Soft Food or Starbucks: McCarthy and Biden Exchange Jabs Amid Debt Ceiling Standoff

Soft Food or Starbucks: McCarthy and Biden Exchange Jabs Amid Debt Ceiling Standoff
President Joe Biden, left, and House Minority Leader Kevin McCarthy (R-Calif.) in file images. (Getty Images)
Lawrence Wilson
3/30/2023
Updated:
3/30/2023
0:00

House Speaker Kevin McCarthy (R-Calif.) and President Joe Biden continued their verbal sparring over who’s ducking whom in scheduling a meeting on the debt ceiling.

The two met to discuss the subject on Feb. 1, a meeting both described as a good start at working together. However, they have not met since as both insist the other must make the first move.

“We have been reasonable and responsible, ask[ing] to sit down with the president for months. He is making the decision that he wants to put the economy in jeopardy,” McCarthy said in a March 30 press conference.

“I don’t know what more I can do and how easy [I can make it]. I would bring the lunch to the White House. I would make it soft food if that’s what he wants,” the speaker said, evoking laughter.

Asked to respond at a press briefing later that day, White House Press Secretary Karine Jean-Pierre quipped, “I think the President is able to pick out his own Starbucks.”

White House press secretary Karine Jean-Pierre holds her first news conference in the Brady Press Briefing Room at the White House in Washington on May 16, 2022. (Chip Somodevilla/Getty Images)
White House press secretary Karine Jean-Pierre holds her first news conference in the Brady Press Briefing Room at the White House in Washington on May 16, 2022. (Chip Somodevilla/Getty Images)

“What we really need from Speaker McCarthy and House Republicans is to see their budget,“ she said. ”Where’s the budget? They come up with excuses.”

The jabs repeat familiar talking points on both sides. The president insists that Republicans make a concrete budget proposal rather than asking for unspecified spending cuts. The speaker maintains that he is ready and willing to sit down and negotiate at any time.

Both accuse the other of endangering the American economy by not addressing the debt issue.

Two days prior to the verbal exchange, on March 28, McCarthy wrote to Biden asking for a second meeting.

“Mr. President, simply put: you are on the clock. It’s time to drop the partisanship, roll up our sleeves, and find common ground on this urgent challenge,” McCarthy wrote.

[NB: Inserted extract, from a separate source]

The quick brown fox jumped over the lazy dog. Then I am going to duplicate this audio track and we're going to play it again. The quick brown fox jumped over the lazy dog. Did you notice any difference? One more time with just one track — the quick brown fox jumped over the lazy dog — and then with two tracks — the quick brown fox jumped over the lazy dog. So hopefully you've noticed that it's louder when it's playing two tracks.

“Please have your team reach out to mine by the end of the week to set a date for our next meeting.”

Biden fired a letter back the same day saying there is no point in meeting before Republicans unveil their budget proposal.

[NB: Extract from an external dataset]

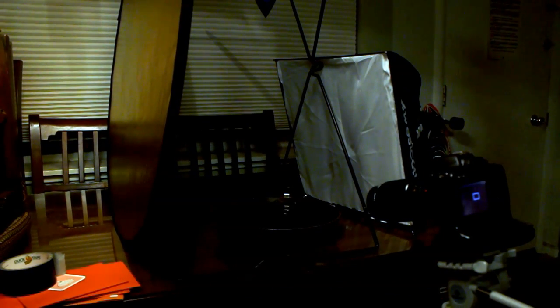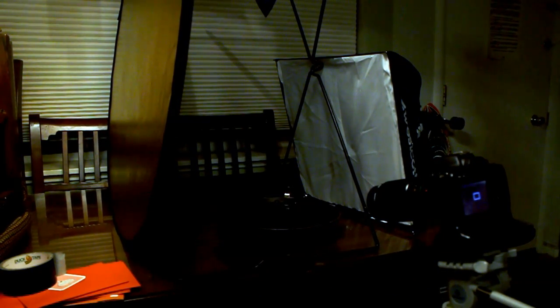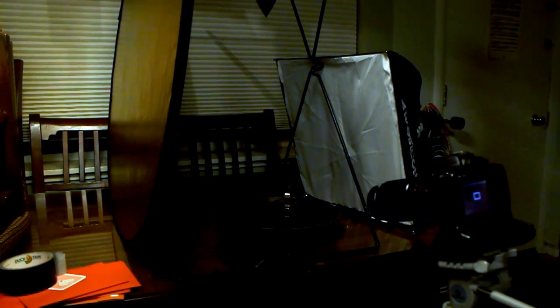So basically, I've got the flash set up to about an eighth power. I'll show you how to set up flash in another tutorial.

“I shared my Budget with the American people on March 9, 2023,” the president wrote.

“My hope is that House Republicans can present the American public with your budget plan before the Congress leaves for the Easter recess so that we can have an in-depth conversation when you return.”

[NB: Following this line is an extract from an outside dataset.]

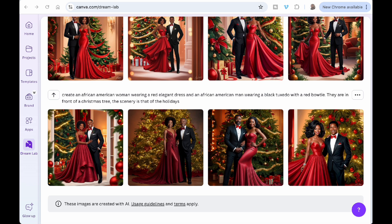Before we get into that, I just wanted to show you guys this new feature in Canva called Dream Lab — it's probably been around for about a month now. I've been playing around with it a little bit, and we're going to come back to it on another video. I still go back and forth between Bing and ChatGPT, so now I just have a third one to add. I'm not a big fan of MidJourney — I don't know how that works, so I don't mess with it. Canva, Bing, and ChatGPT are what I go back and forth with.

In their March 30 remarks, both McCarthy and Jean-Pierre continued the it’s-your-turn ping pong.

“I just don’t know what’s changed from his [Biden’s] comments before when he said it’s not right if people don’t sit down and meet together,” McCarthy said, apparently referring to Biden’s comments at the National Prayer Breakfast on Feb. 2 in which he urged lawmakers to set aside partisanship and find ways to compromise.

Jean-Pierre harked back to previous remarks made by McCarthy.

“The speaker said in January how important it is, and I’ll quote, ‘We [Congress] should have to pass a budget so the country can see the direction we’re going,” Jean-Pierre said.

“What does the speaker want to discuss? What are the specific cuts? What taxes does he want to raise?” she asked. “The president put out his budget on March 9, three weeks, and we have seen nothing from the House Republicans. Nothing.”

The national debt is currently $31.4 trillion dollars, the statutory limit set by Congress. The country would have exceeded that debt on Jan. 19 if not for “extraordinary measures” taken by the U.S. Treasury to avoid further borrowing.

Experts have estimated that those measures will be exhausted by late summer, forcing a financial crisis if Congress does not raise the limit before that time.